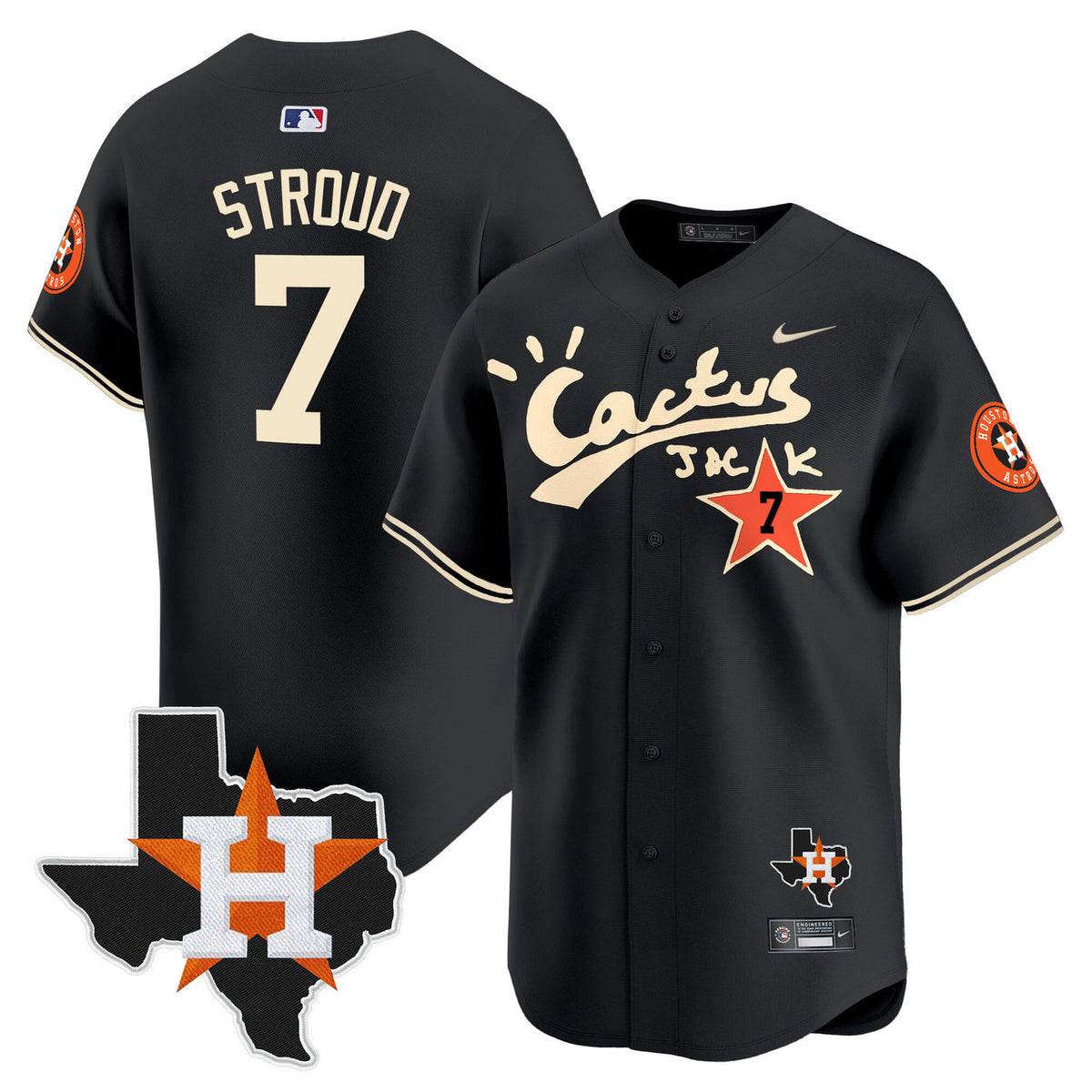 Houston Astros Men'S Cactus Jack Patch Vapor Premier V7 Limited Jersey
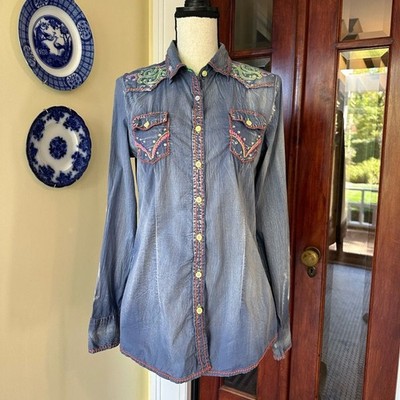 Roar | Western Button Down Shirt, Embroidery & Rhinestone Details, Size M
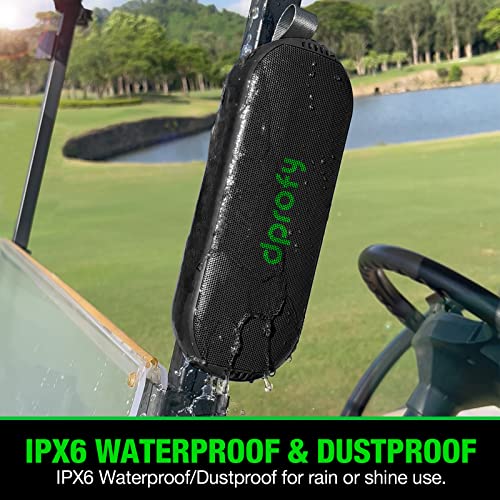 Dprofy New Play 2 Rounds of Golf, Magnetic Bluetooth Golf Speaker Golf Cart Speaker, Stereo Sound Portable Pro Wireless Waterproof Speaker with Rich Bass, Golf Accessories Golf Gifts (with Light)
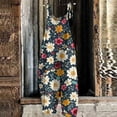 thumbnail image 3 of Spring Summer Plus Size Boho Overalls for Women Cloth Floral Printed Jumpsuits Spaghetti Strap Rompers White 3XL, 3 of 3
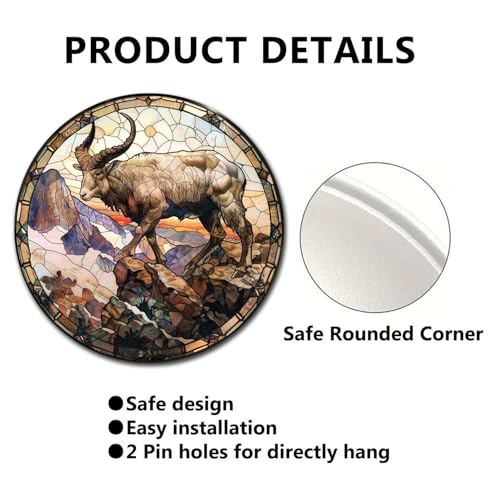 Metal Sign Tin Sign Circular Stained Glass Mountain Goat Tin Sign Gift for Garage 12×12 Inches (12×12 Inches / Mountain Goat-1)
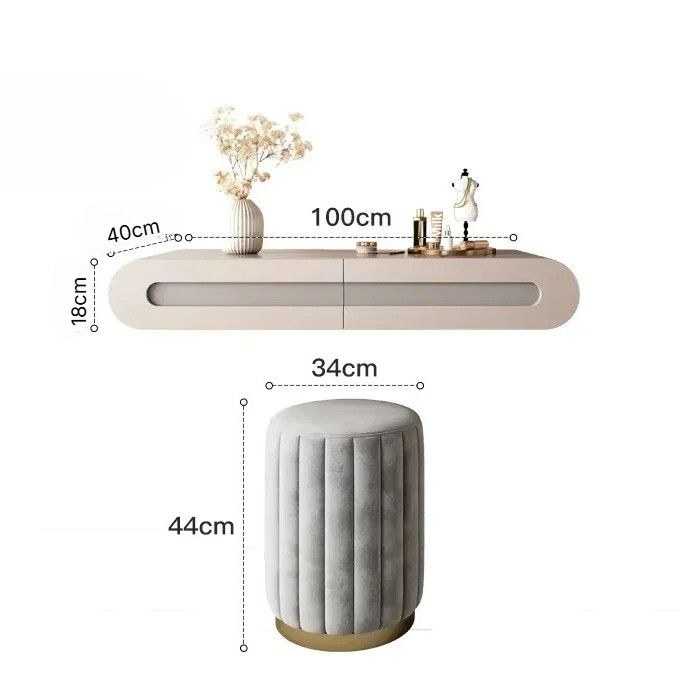 Modern Wall Mounted Dressing Table Set, Floating Vanity with LED Mirror, Grey Upholstered Stool, Makeup Desk for Women. Grayish - Image 3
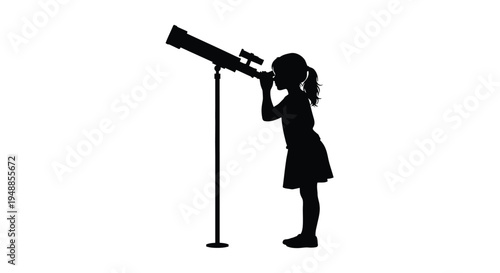Young girl intently gazes through a telescope dark silhouette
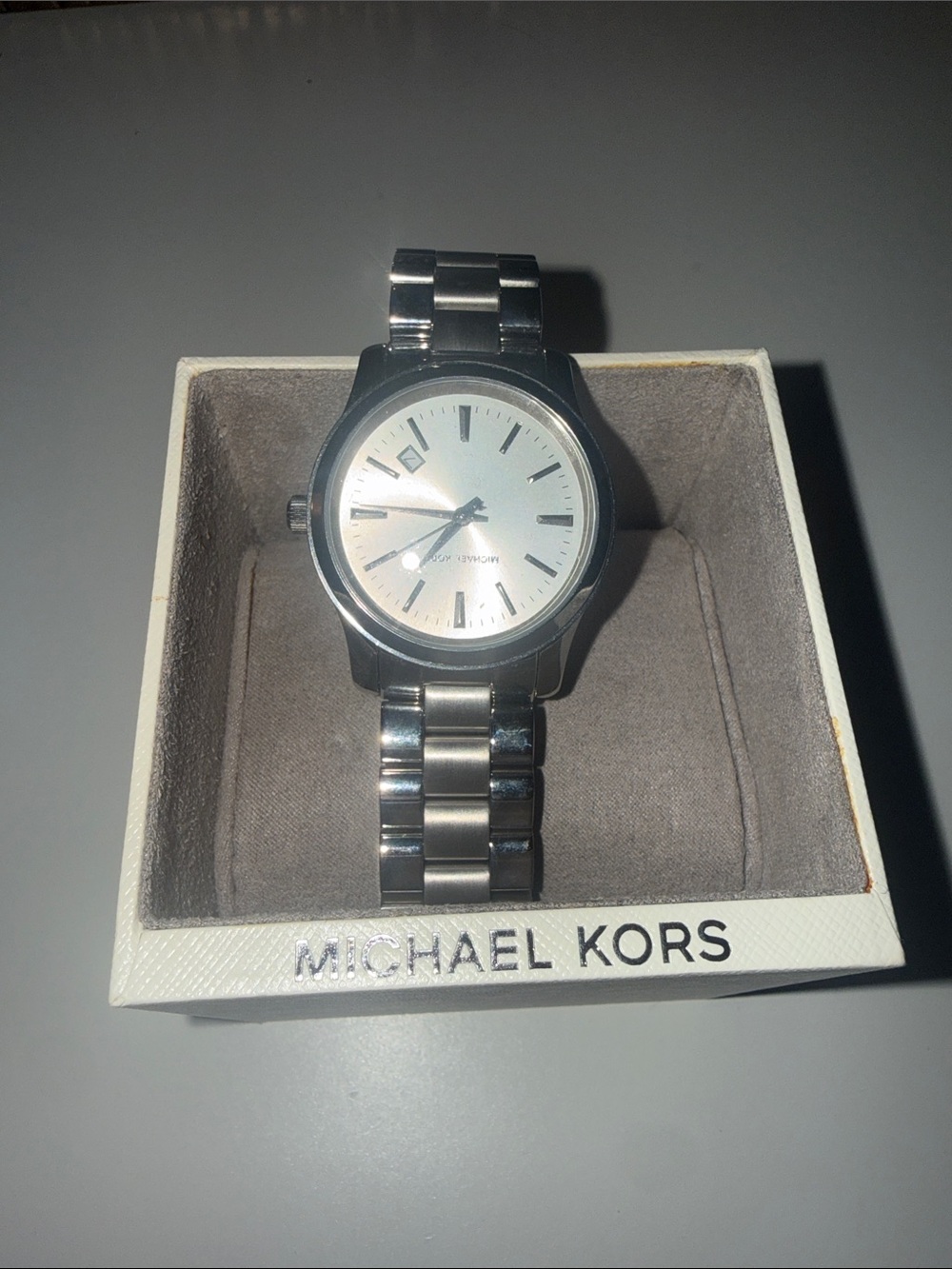 Michael Kors Silver-Tone Bracelet Watch with White Dial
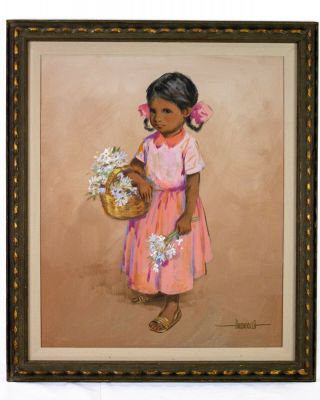 WONDERFUL Luis Amendolla (1928 - 2000) MEXICAN oil painting c.  1970,  Girl Flowers 2
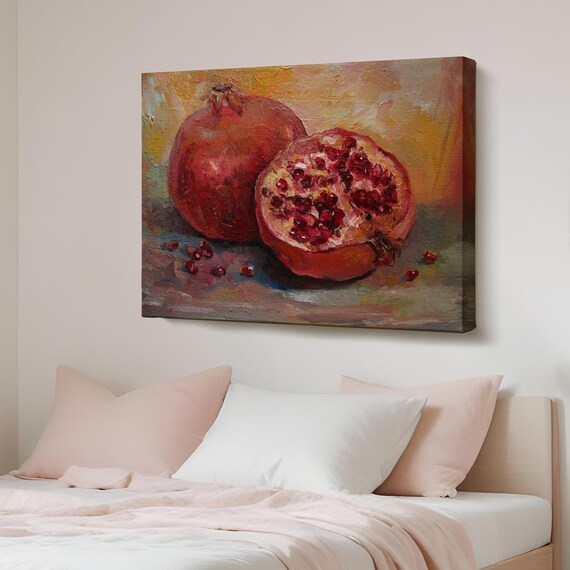 Classic Ripe Pomegranates Still Life Rich Red Oil Painting Poster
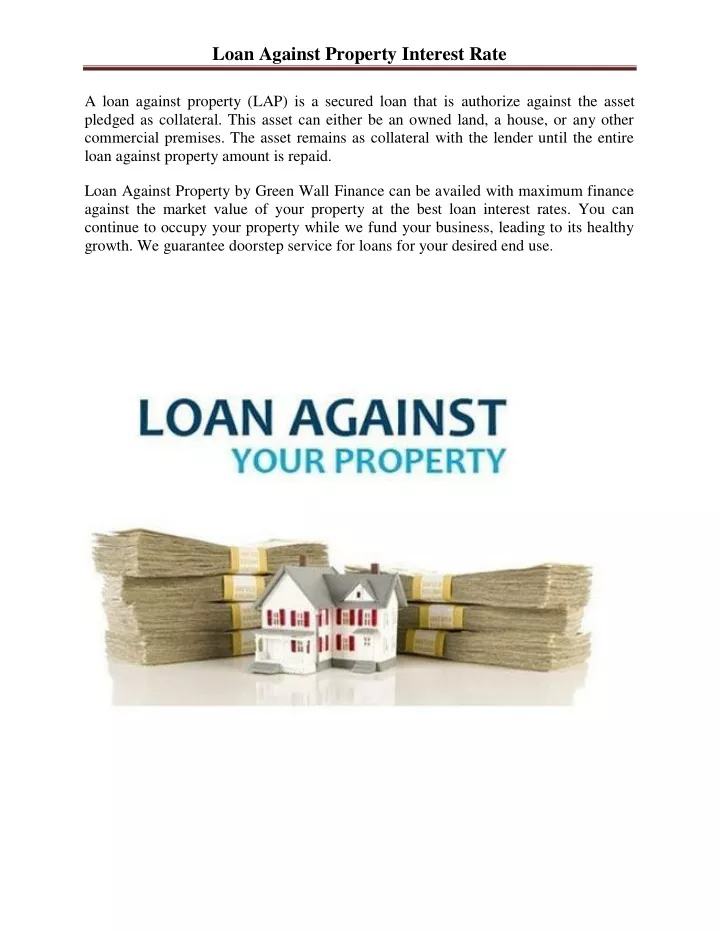 PPT - Loan Against Property Interest Rate PowerPoint Presentation, Free ...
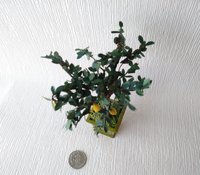 1:12 Dollhouse miniature lemon tree in unique square planter Patio tree in container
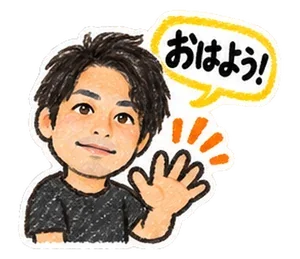 クレヨン画で作った男性のスタンプ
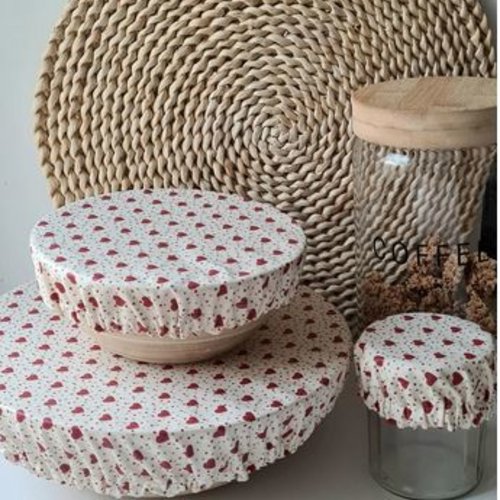 Couvre-plats/bols en coton enduit | réutilisables et lavables | cuisine écologique | cœurs | lot de 3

---*---

- **Brief**:
Please restate, word for word, the lines from the one with "クレヨン画で作った男性のスタンプ" through the final line of the material, both included, and omit the pictures.

- **Output**:
 クレヨン画で作った男性のスタンプ
 Couvre-plats/bols en coton enduit | réutilisables et lavables | cuisine écologique | cœurs | lot de 3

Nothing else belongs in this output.